• _Assignment_
Only the lines from the one containing "Vintage America 1776" through the end of the data are wanted, reproduced exactly and without pictures.

• _Exercise data_
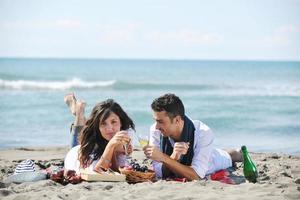 jong paar genieten van picknick Aan de strand foto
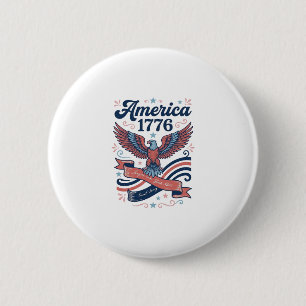 Vintage America 1776 Eagle Patriotic Shirt Design_ 6 Cm Round Badge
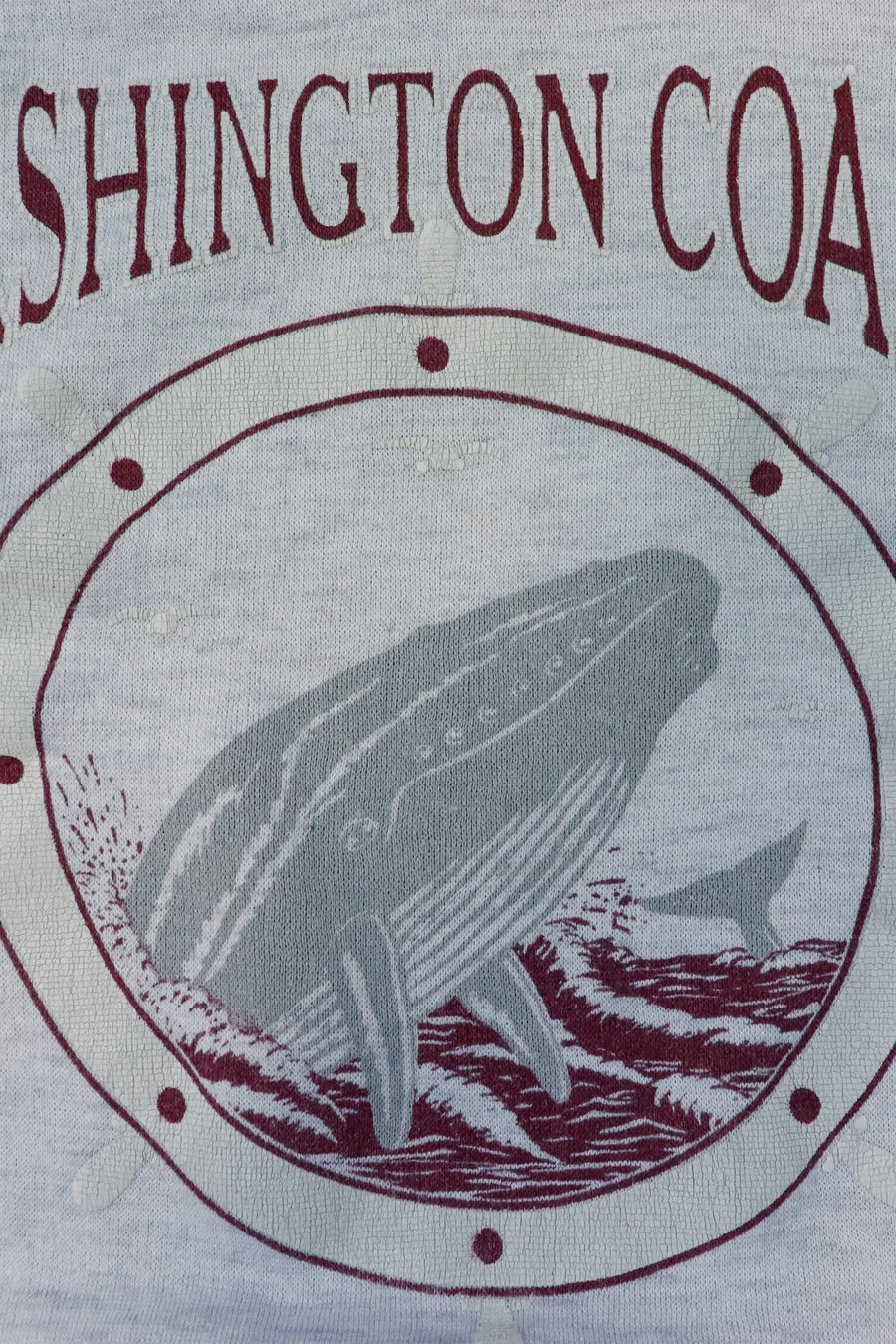 Vintage Washington Coast Whale Collar Sweatshirt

• _Exercise answer_
 Vintage America 1776 Eagle Patriotic Shirt Design_ 6 Cm Round Badge
 Vintage Washington Coast Whale Collar Sweatshirt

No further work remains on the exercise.